WordPress Loginizer Plugin has released a security fix for a vulnerability that could allow a programmer to modify a database through an Unauthenticated SQL Injection exploit.
This sort of exploit, also called a Blind SQL Injection, depends on entering information into an input in order to trigger an error response. In this case the information is a username.
The Loginizer WordPress plugin didn’t have an approach to sterilize the info, which implies it didn’t have a way to make up for a mistaken information. This caused the plugin to make an error situation.
According to the WPScan description of the Loginizer exploit:
“The vulnerability was triggered within the brute force protection functionality, which was enabled by default when the plugin was first installed.
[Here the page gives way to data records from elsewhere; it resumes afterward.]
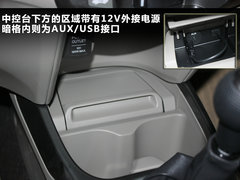 2012款 1.5L 手动 精英版
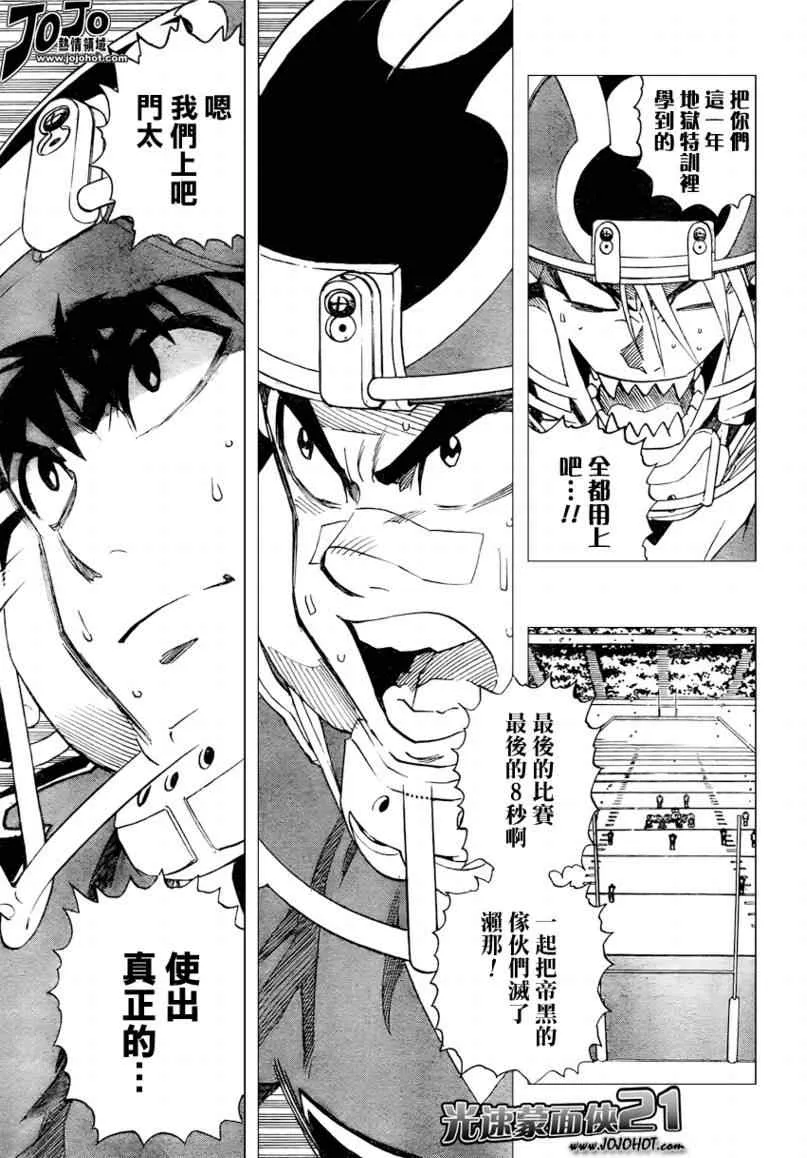 第301话 第3页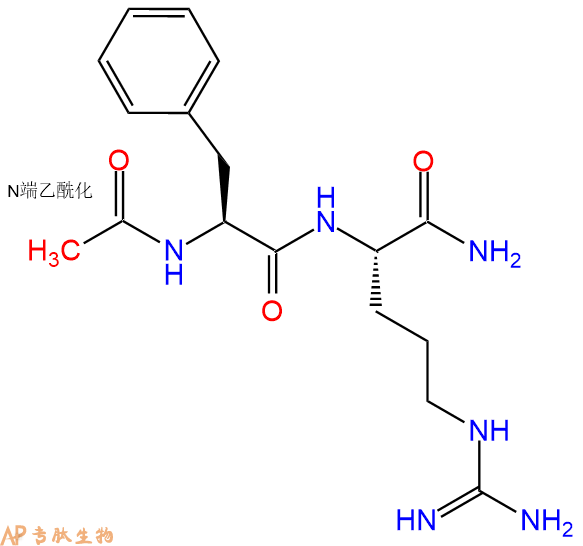 专肽生物产品二肽Ac-Phe-Arg-NH2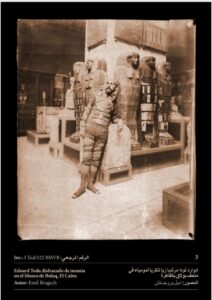 C7940C24 03F5 4105 9B61 22987DA54699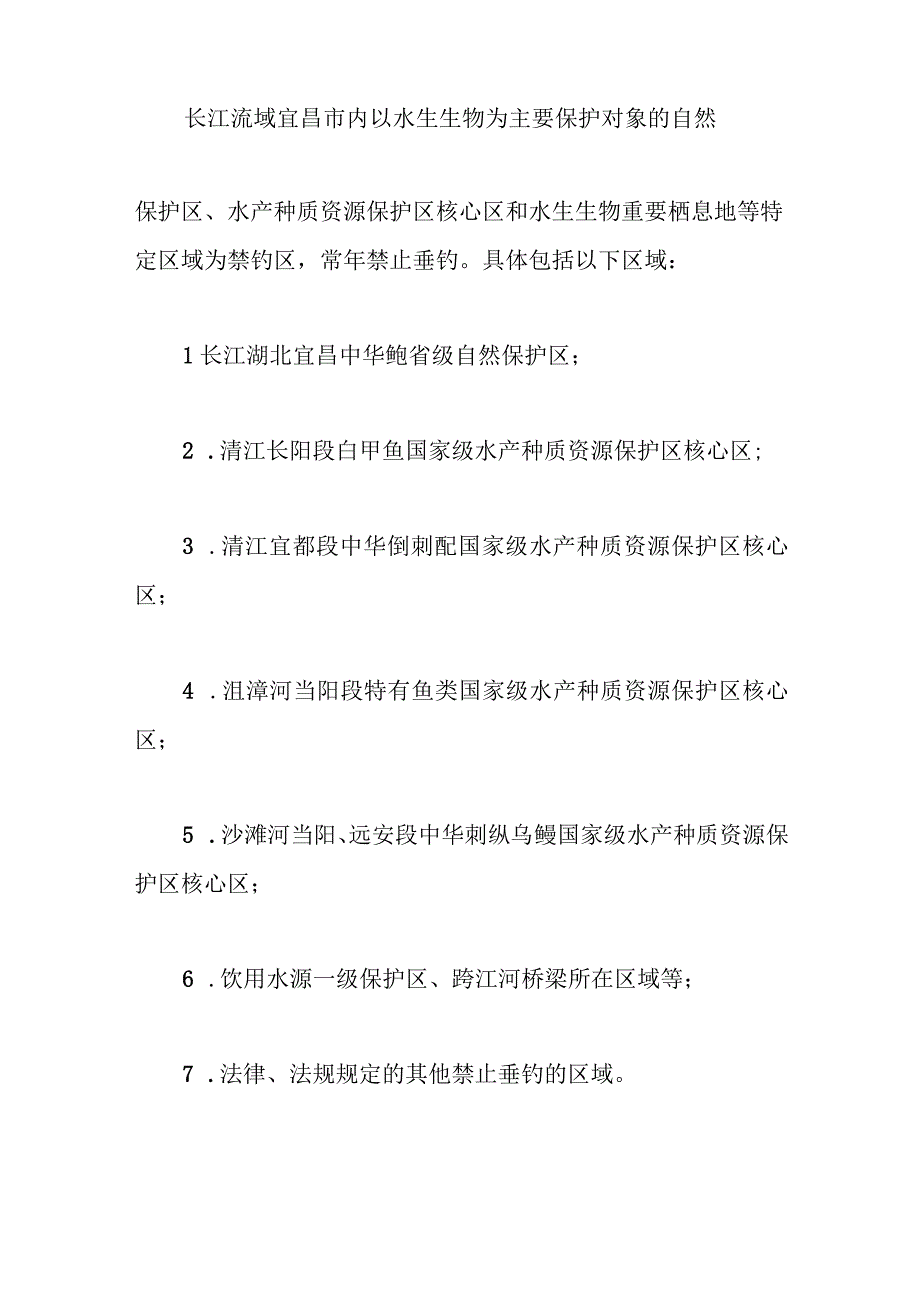 2篇某市人民政府关于规范长江流域禁捕水域垂钓管理的通告.docx_第2页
When a user attempts to login with an unknown username, the attempt is logged in the backend database, where the username, as well as other parameters, are not properly validated before being placed within the SQL query.”
The security specialist who found the vulnerability published a walkthrough of the Loginizer exploit, showing how an error response can be utilized to reach areas of the plugin that relate with it’s functionality. It is there that the programmer can see vulnerable to a SQL injection.
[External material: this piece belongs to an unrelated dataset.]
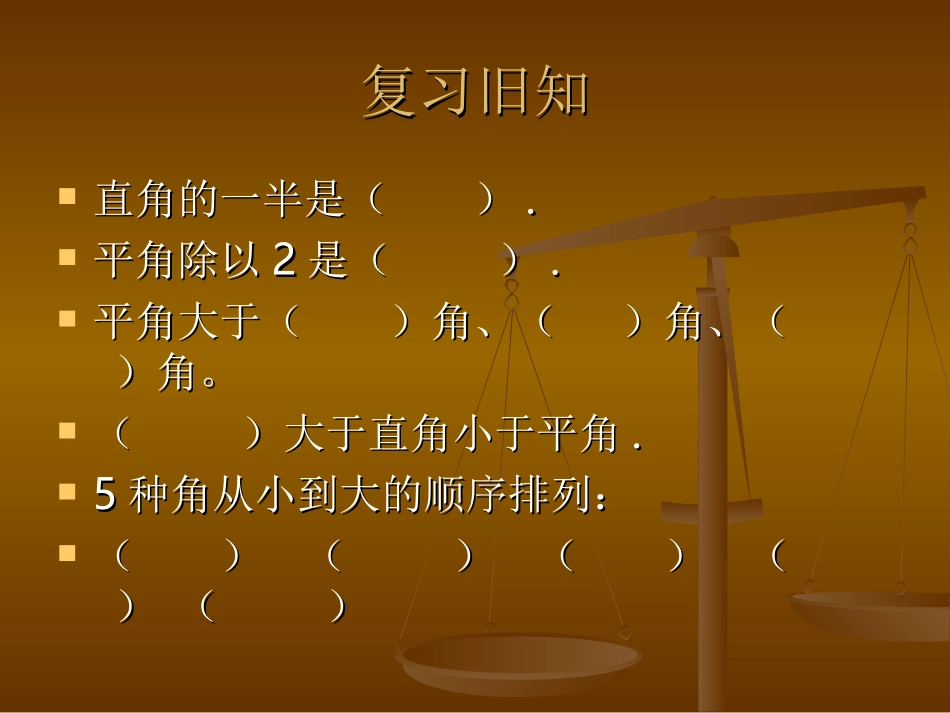 小学人教四年级数学史长生四年级《画角》_第2页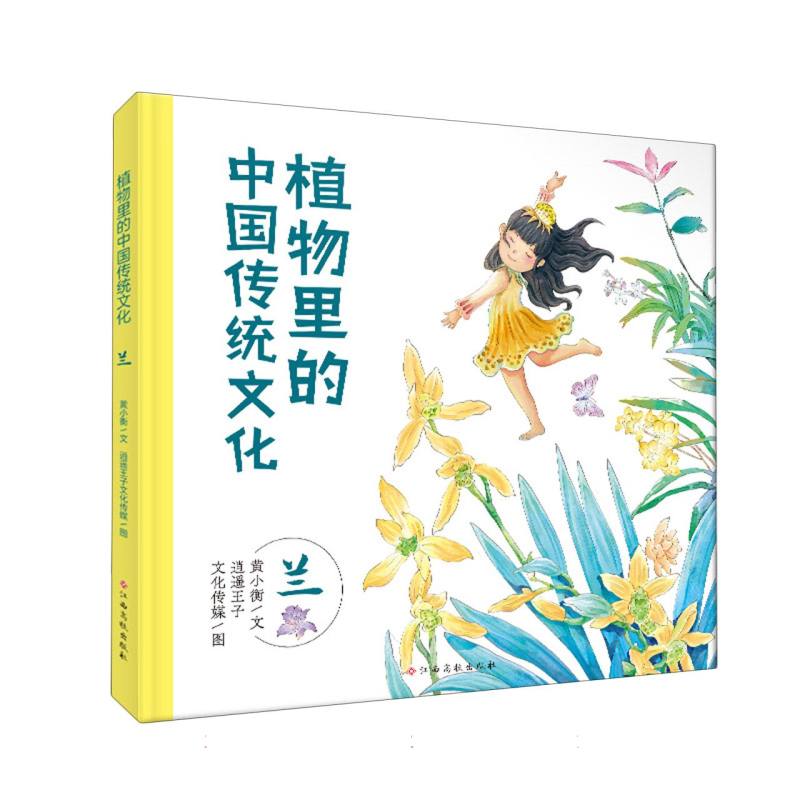 植物里的中国传统文化——兰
The researcher described it like this:
…via function definition we see how raw $username reaches the plugin functionality… Also in this function there are calls towards DB with not sanitized DB parameters… and we see the places that are vulnerable of SQLi based on user login data.”
The walkthrough continues with the proof of concept and concludes:
…And that is it, more than easy and detailed about SQLi + XSS via $username.”
The issue with Loginizer isn’t restricted to the SQL injection vulnerability. This isn’t only one issue, it’s two issues.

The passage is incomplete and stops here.